A pressure cooker recipe of the Spicy Eggplant Stew. This will be the best spicy eggplant stir fry recipe you will ever have!! Hope you guys try this deliciously Spicy Eggplant Stir Fry recipe at home, because it is marvelous with. Serve this delicious, hearty stew with fresh hot baked cornbread or crusty bread and a simple green salad for a delicious family meal.

Instructions to make Spicy egg plant stew:
  1. Cut your eggplants to desired size
  2. In a non reactive bowl sprinkle lemon juice and salt. Toss geltly and let sit for 15 minutes.
  3. Rinse and drain. Chop your onions crush your ginger and garlic, puree your tomato in a blender with some little water.
  4. Sprinkle the corn flour just enough to coat. Spread on a baking sheet and bake for 10 minutes at 180 degrees
  5. There are three options at this step.
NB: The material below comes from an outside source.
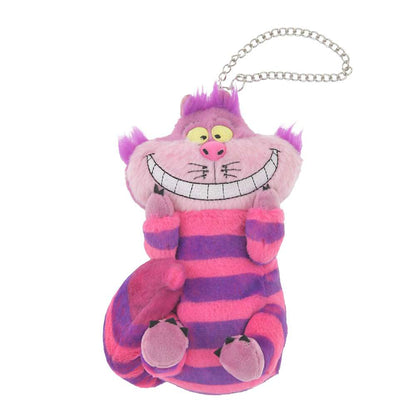 公仔環保袋｜CHESHIRE CAT 2026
You can bake, deep fry or shallow fry. I find the deep fry the tastiest. Oil is notorious for making other foods taste better😋. Baking uses less oil but will not add that great taste that oil gives.
  6. Sautee ginger, garlic and onions in non stick skillet. For 2-3 minutes on medium heat.
  7. Add seasoning of choice, I used knorr cube.
  8. Stir for 2-3 minutes on medium heat. Add pureed tomato. Stir contonuously and let cook by reducing method for 3-5 minutes.
  9. Add egg plant and stir, add hot water as needed.
  10. Cover and let simmer on low heat for 15 minutes. Stir every 5 minutes. Add coconut cream and cover for five minutes. Serve warm.

Recipe is from about.com's Southern food. Heat oil in heavy stew pan. Spicy stir-fried Korean eggplant side dish! Hi Lovelies, this Egg Plant Stew is soooo delicious! I know you're going to love it.